Baghdasarian, whose party will have the second largest faction in the National Assembly, is reportedly President Robert Kocharian’s preferred candidate for the job. However, his candidacy does not enjoy the full backing of two other major parties supporting Kocharian, hampering a post-election deal on a new Armenian government.
Asked about his chances of becoming parliament speaker, Baghdasarian said: “Everything depends on the outcome of the political negotiations.” He said the new speaker must have relevant political experience and be a consensus builder, implying that he meets those requirements.
“No political force has an absolute majority in the parliament,” the 34-year-old leader said in an interview with RFE/RL. “There has to be a process of political consultations and the truth should emerge from it.”

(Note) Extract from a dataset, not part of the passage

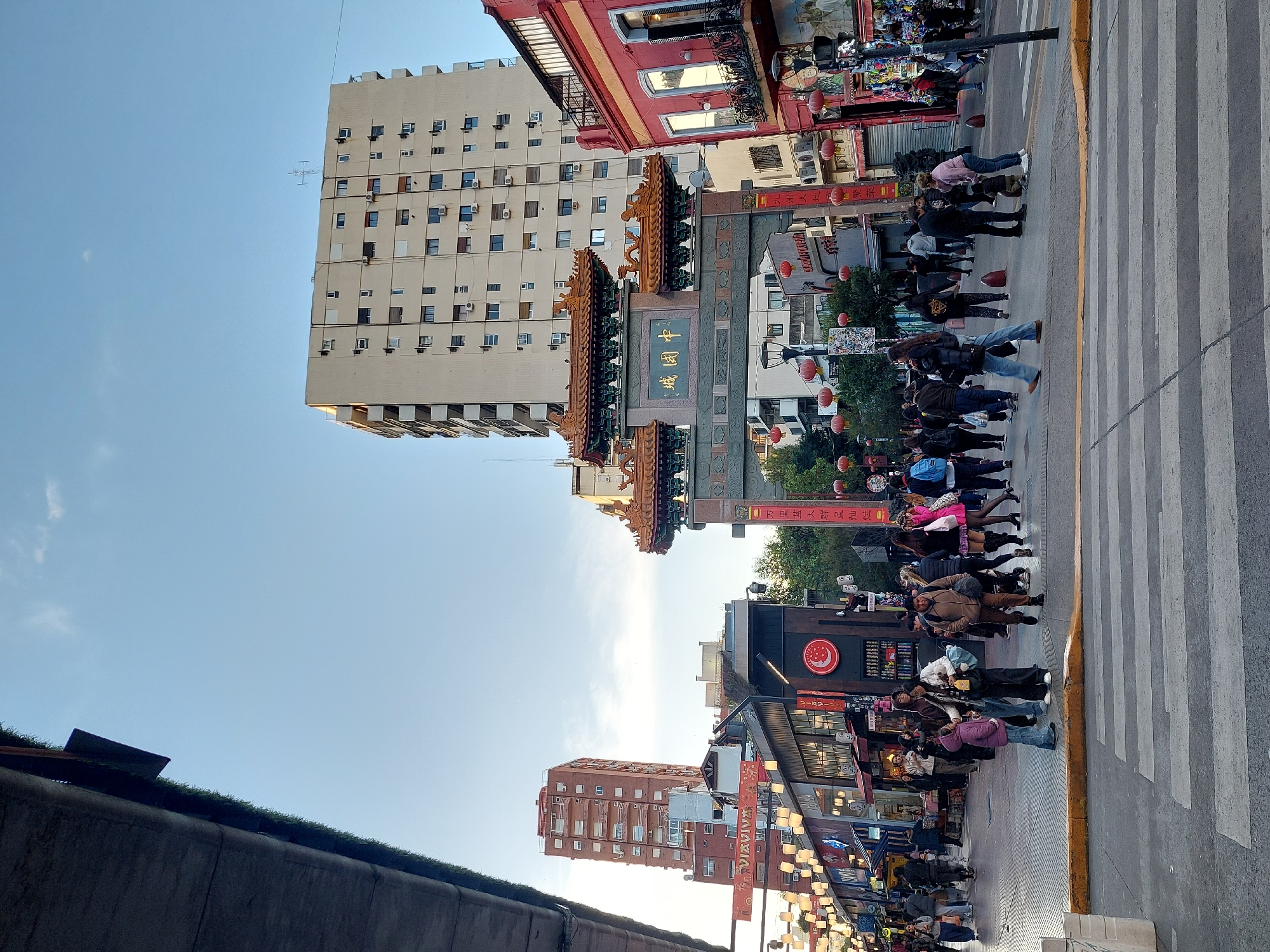The image captures a vibrant street scene in a city, indicative of a Chinatown district, likely in Buenos Aires, Argentina, under a clear, bright blue sky with a few faint clouds. The lighting suggests late afternoon or early evening.
Central to the image is an ornate Chinese archway (Pai-fang), intricately decorated with traditional designs including dragon-like figures on its multi-tiered roof. Golden Chinese characters, prominently displaying "中國城" (Zhōngguóchéng), meaning "Chinatown," are visible on its main beam.
Many people are present, filling the street and sidewalks. A prominent zebra crossing on the right side of the image is occupied by pedestrians waiting or in the process of crossing. Others are seen walking along the street or gathered near storefronts. They are casually dressed, engaged in daily activities.
Buildings line both sides of the street. To the left and behind the archway, a tall, modern high-rise building with numerous windows and visible air conditioning units stands against the sky. Along the street to the right, lower-rise buildings with varied facades, including a distinctive red one, house various shops. Red Chinese lanterns are strung across the street, enhancing the festive atmosphere. Banners with Chinese text, including "中華牌 龍口粉絲" (China Brand Longkou Vermicelli), hang from shops, further establishing the cultural context. A low wall with greenery is visible in the bottom-left foreground.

The strongest opposition to Baghdasarian comes from the ranks of Prime Minister Andranik Markarian’s Republican Party (HHK), the winner of the May 25 elections. The HHK will have 39 seats in the parliament against 22 seats obtained by Orinats Yerkir. Several newly elected Republican deputies told RFE/RL that they will not vote for Baghdasarian even under strong pressure from the presidential administration. They insisted that the parliament be headed by a member of their party.
Orinats Yerkir’s well-funded election campaign was largely based on strong criticism of the current HHK-led government. Baghdasarian charged in one of his campaign speeches that Armenia is governed by a corrupt “party of money,” prompting accusations of populism from both the Republicans and the Armenian opposition.
The position of the third pro-Kocharian party, the Armenian Revolutionary Federation (Dashnaktsutyun), on the issue is less certain. Sources familiar with the ongoing inner-government bargaining claimed on Saturday that the presidential administration has offered the Dashnaks to run three government ministries and two Armenian regions in return for backing Baghdasarian. They have also been promised the posts of deputy speaker and chairmen of two parliament committees, the sources said, adding that a similar package has been offered to Orinats Yerkir.
Baghdasarian made it clear that his party must be represented in both the executive and legislative branches, but would not detail its expectations. “No agreement on the government’s composition has yet been reached because the talks are still going on,” he said.